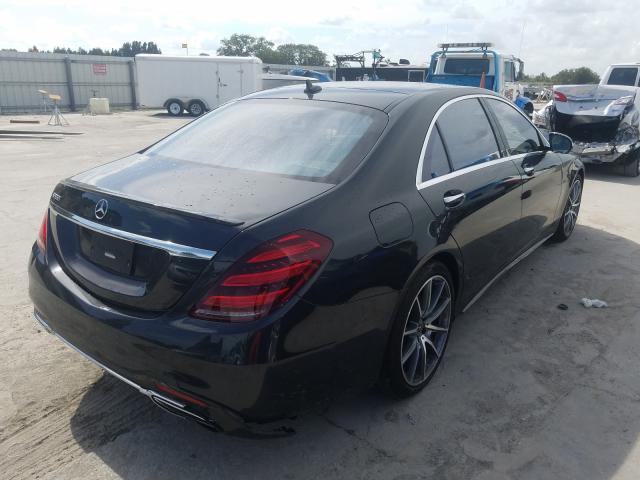 Photo 3 VIN: WDDUG8DB1KA442411 - MERCEDES-BENZ S 560 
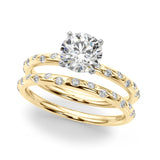 Starlit Band Ring - Image 10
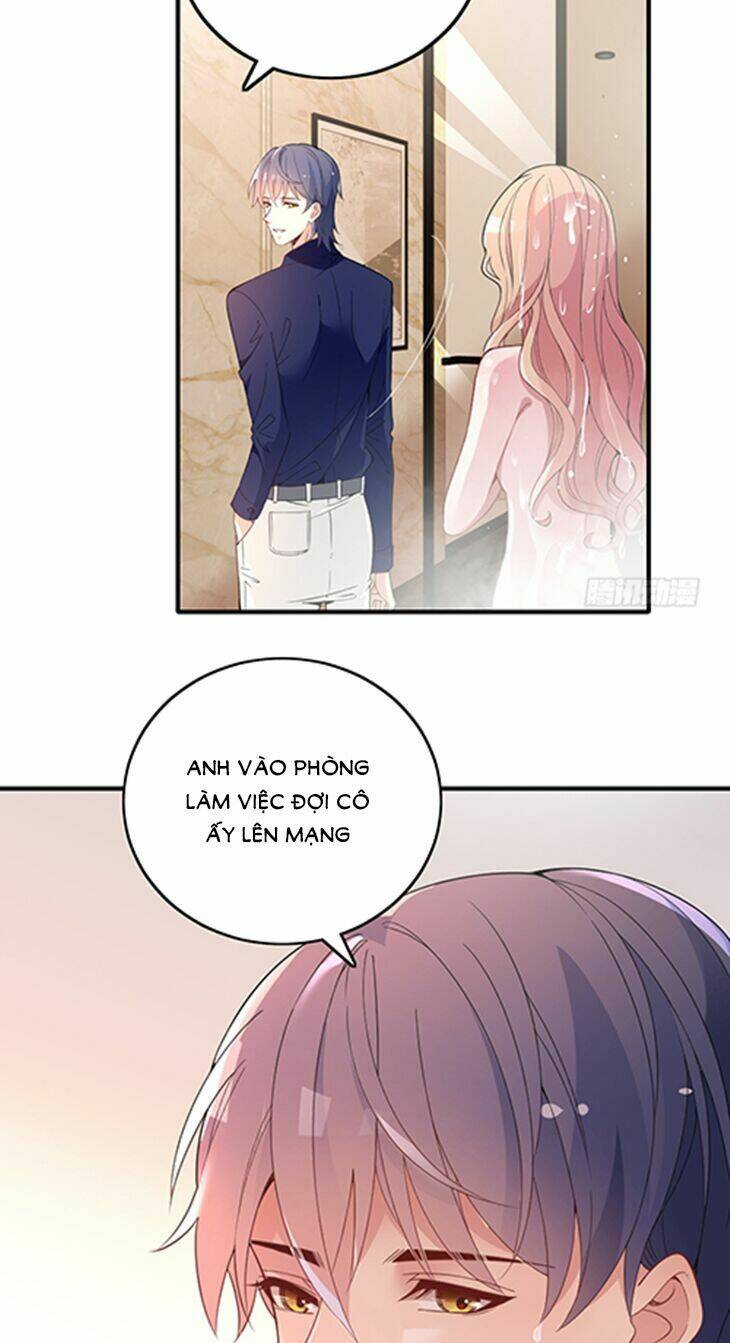 bí mật kết hôn với ảnh đế: vợ ơi đến đây tấn công đi nào chapter 63 20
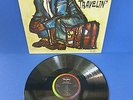 1960 1ST ISSUE MONO LP   Travelin' JOHN LEE HOOKER   Very Good (VG) Vee Jay 1023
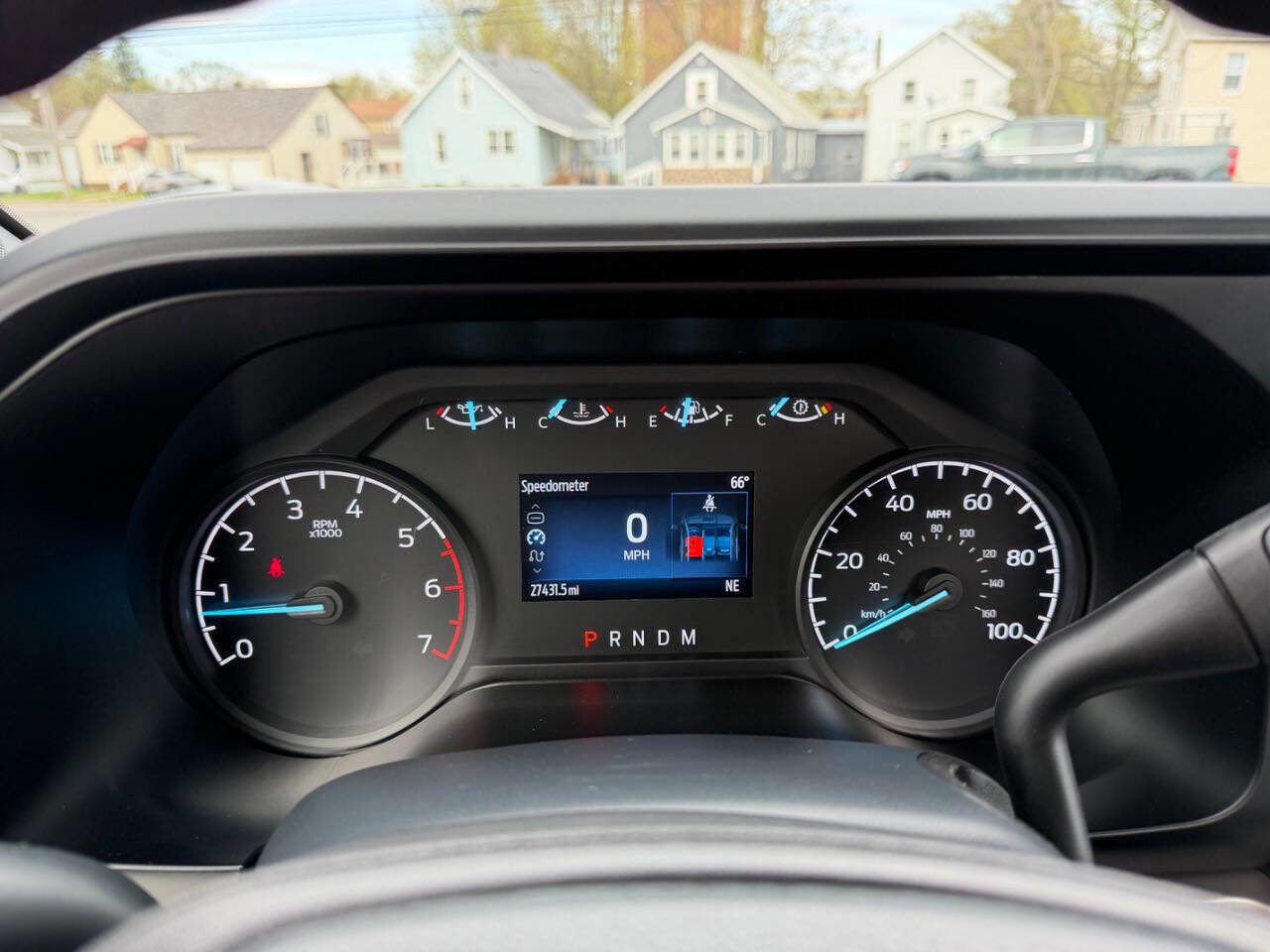 Used 2024 Ford F350 XL w/ Snow Plow Prep Package AWD/4WD image 10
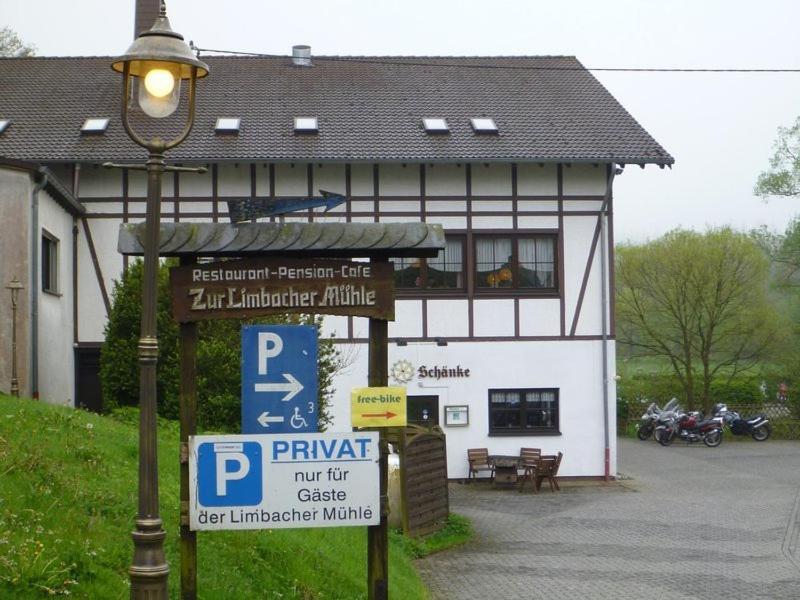 Zur Limbacher Muehle Limbach (Rhineland-Palatinate) Bagian luar foto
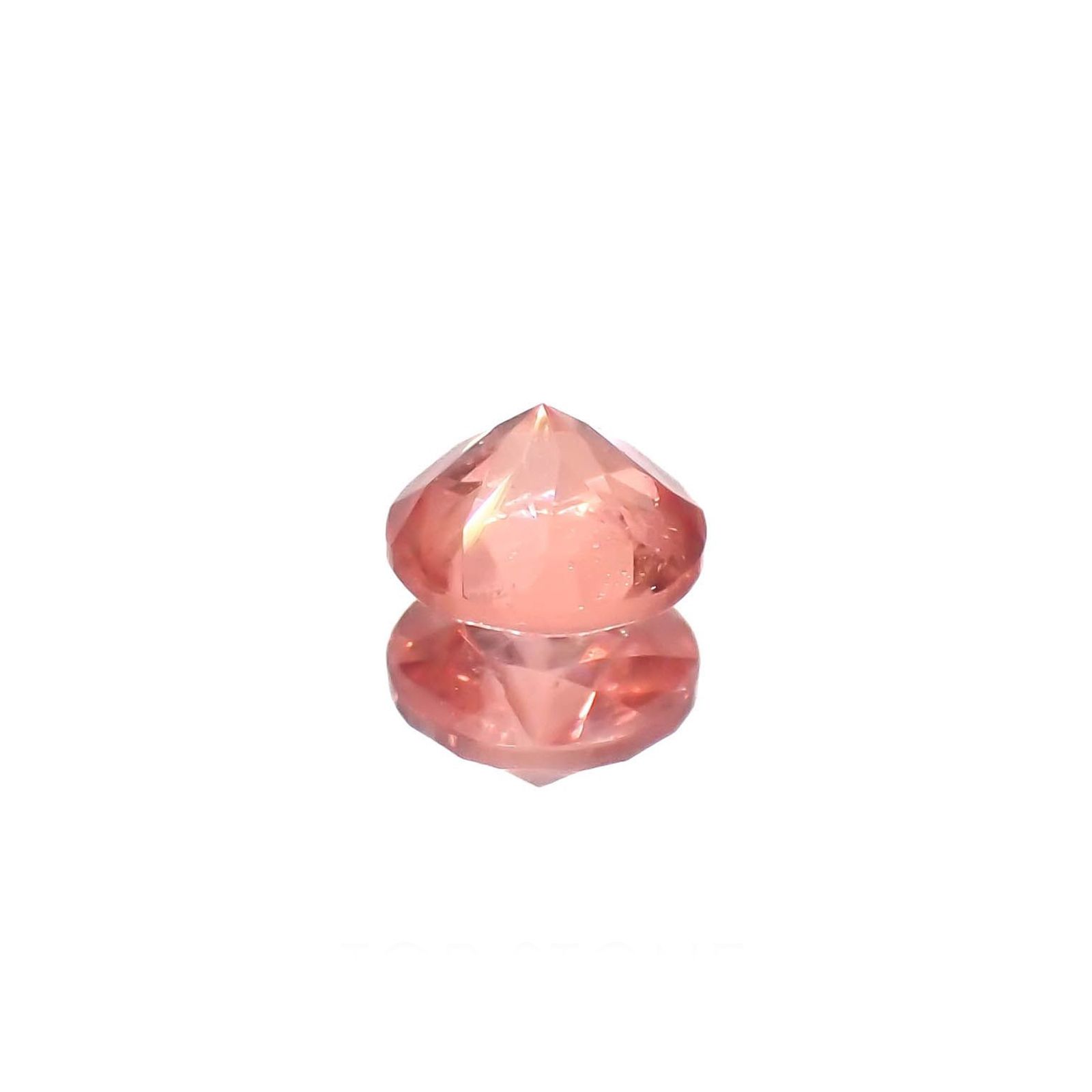 ロードクロサイト(宝石名ロードクロサイト)アメリカ・コロラド州産 識別済 0.80ct / 5.6x5.6mm前後 [230220718]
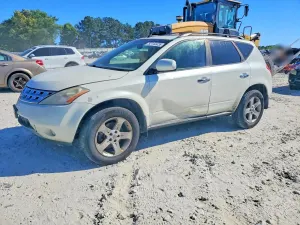 Nissan Murano 3.5L 6 2005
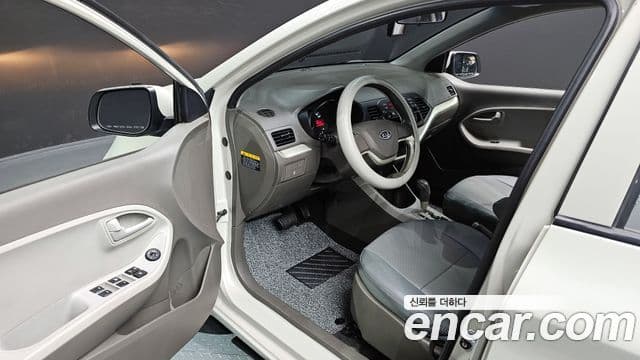 Kia All New Morning Special, 2012 11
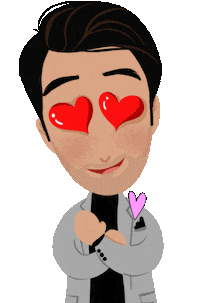 Youtube Love Sticker by NasserTone
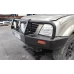 HOLDEN RODEO FRONT BUMPER BULL BAR, RA, STEEL, 03/03-10/06 2004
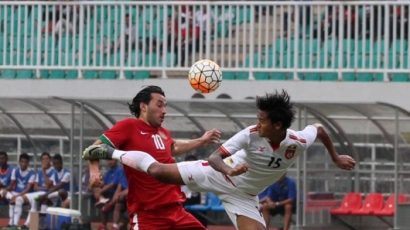 Gelombang Pertama FIFA Matchday, Myanmar Untung Indonesia Buntung!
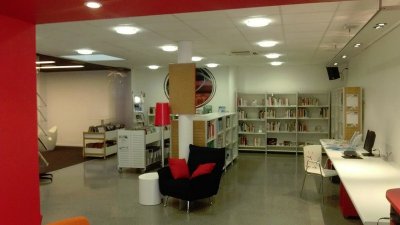 Médiathèque Jean-Louis-Curtis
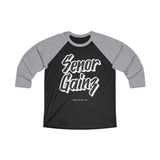 SG Main 3/4 Raglan Tee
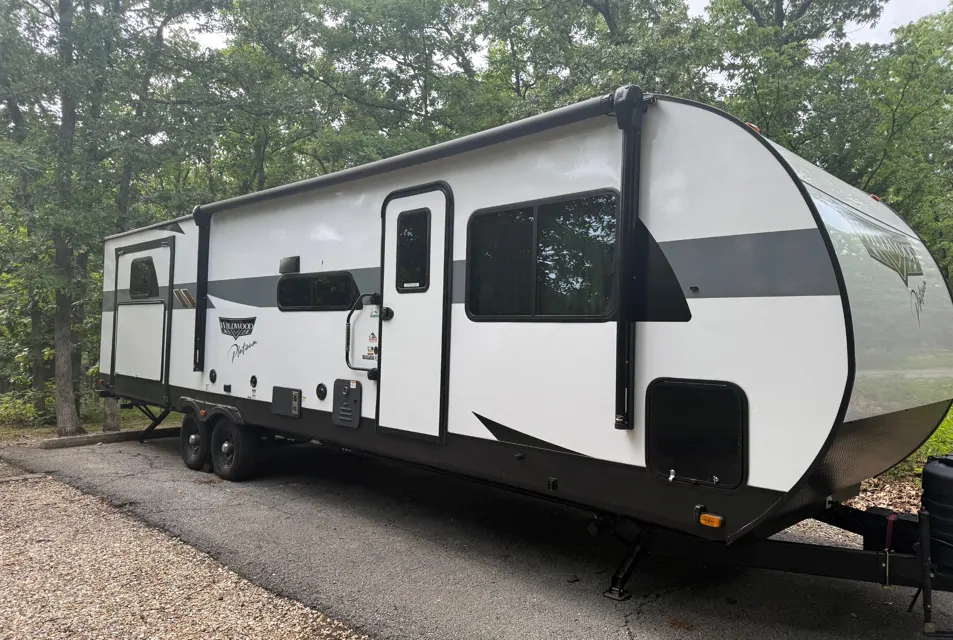 2024 Forest River Wildwood 31kqbts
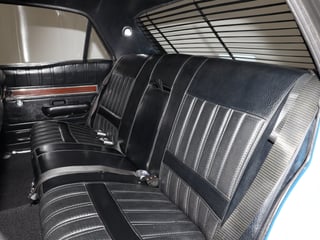 1971 XY GT Ford Falcon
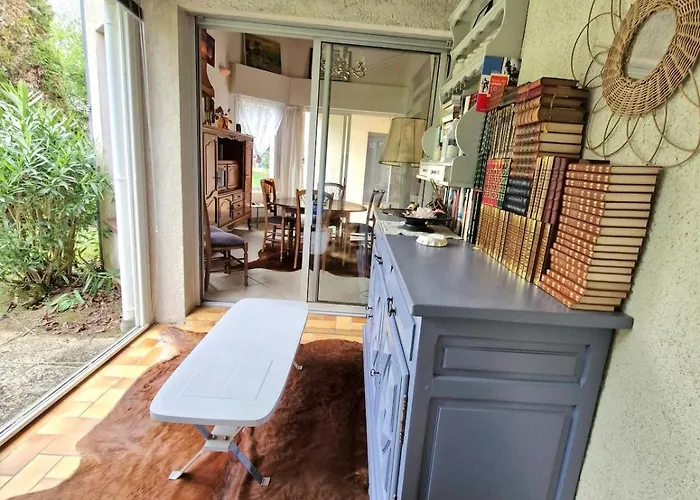 La De Cormes-ecluses Feriehus Corme-Ecluse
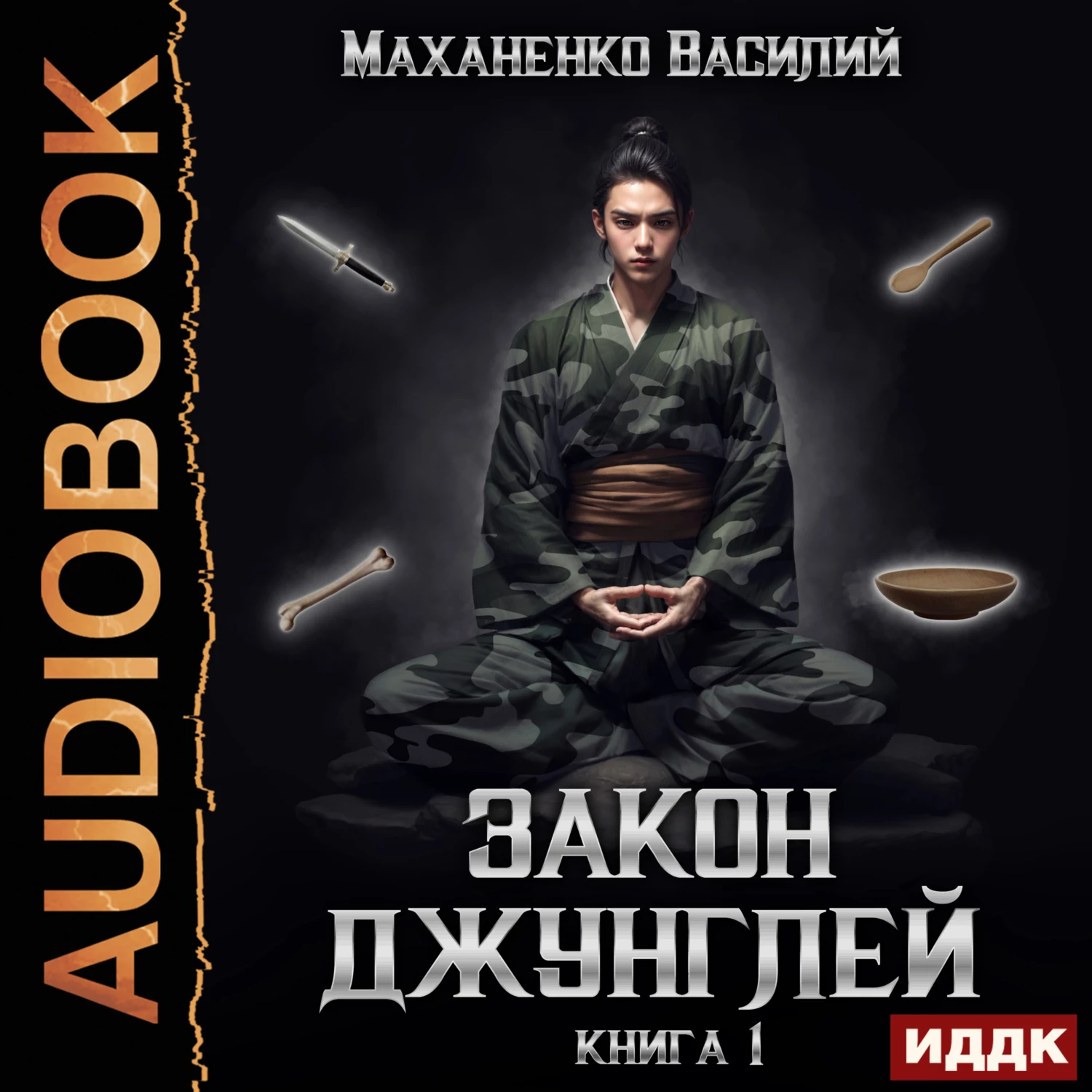 Закон джунглей. Книга 1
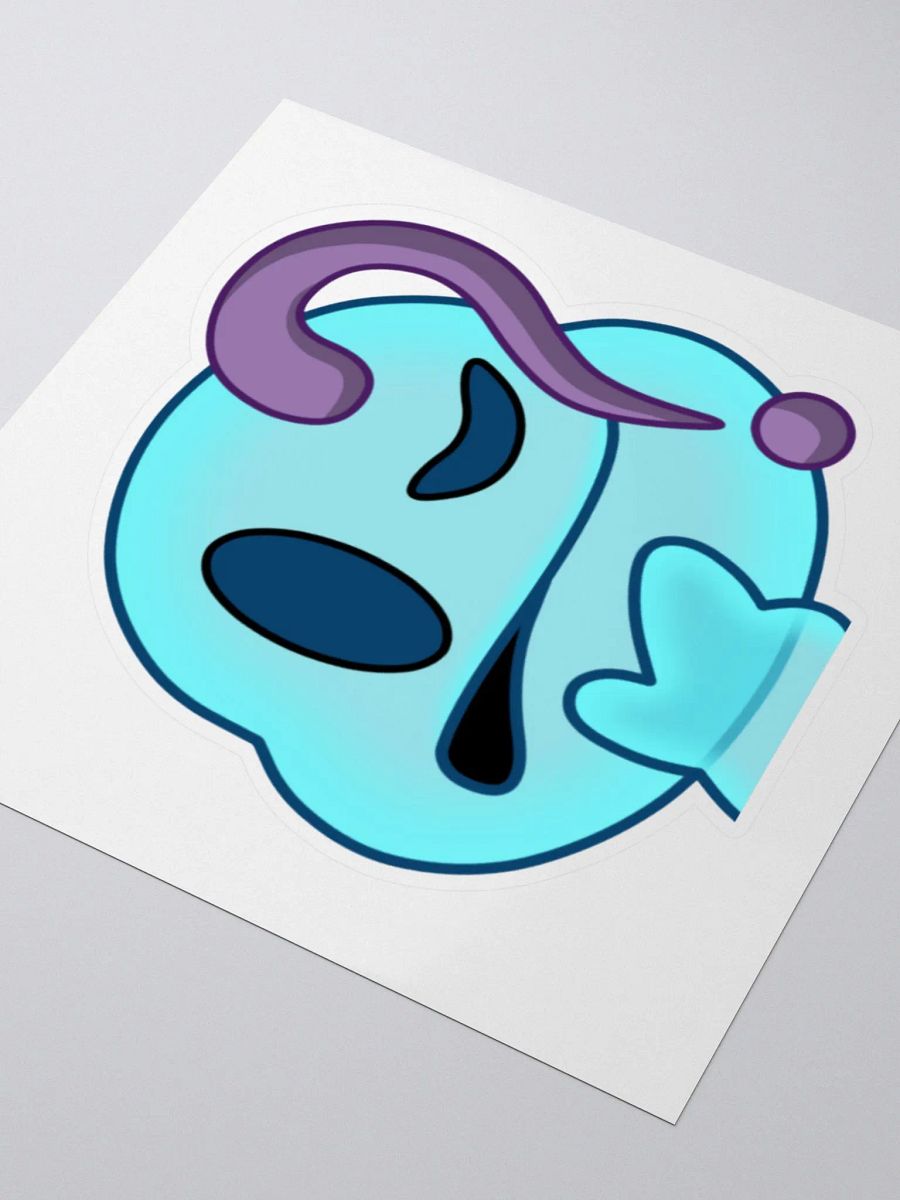 WhatFae Sticker product image (3)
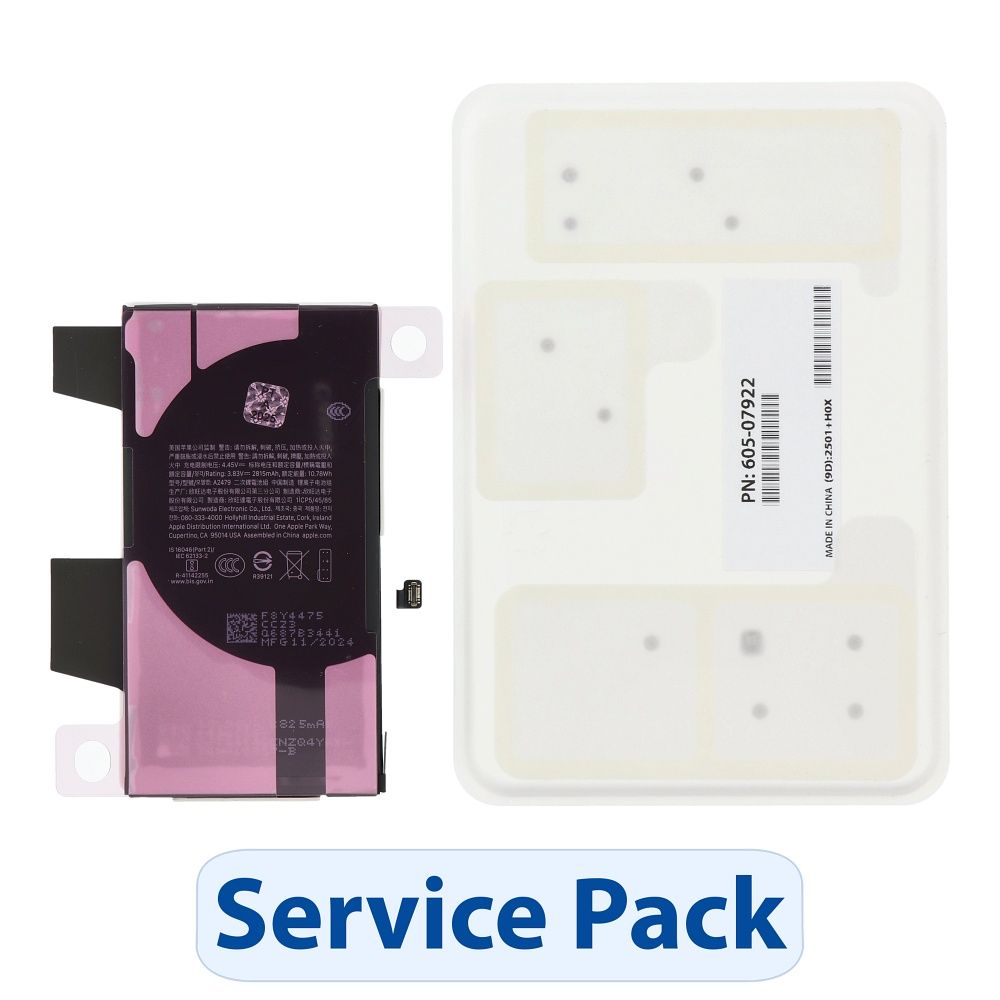 ServicePack baterija Apple iPhone 12 / 12 Pro (661-17920)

Task to carry out
Only the pictures are to be dropped; all other material above must be repeated exactly.

Result for this exercise
 Photo 3 VIN: WDDUG8DB1KA442411 - MERCEDES-BENZ S 560 
 Starlit Band Ring - Image 10
 bí mật kết hôn với ảnh đế: vợ ơi đến đây tấn công đi nào chapter 63 20
 1960 1ST ISSUE MONO LP   Travelin' JOHN LEE HOOKER   Very Good (VG) Vee Jay 1023
 Used 2024 Ford F350 XL w/ Snow Plow Prep Package AWD/4WD image 10
 Zur Limbacher Muehle Limbach (Rhineland-Palatinate) Bagian luar foto
 ロードクロサイト(宝石名ロードクロサイト)アメリカ・コロラド州産 識別済 0.80ct / 5.6x5.6mm前後 [230220718]
 Nissan Murano 3.5L 6 2005
 Kia All New Morning Special, 2012 11
 Youtube Love Sticker by NasserTone
 HOLDEN RODEO FRONT BUMPER BULL BAR, RA, STEEL, 03/03-10/06 2004
 Gelombang Pertama FIFA Matchday, Myanmar Untung Indonesia Buntung!
 Médiathèque Jean-Louis-Curtis
 SG Main 3/4 Raglan Tee
 2024 Forest River Wildwood 31kqbts
 1971 XY GT Ford Falcon
 La De Cormes-ecluses Feriehus Corme-Ecluse
 Закон джунглей. Книга 1
 WhatFae Sticker product image (3)
 ServicePack baterija Apple iPhone 12 / 12 Pro (661-17920)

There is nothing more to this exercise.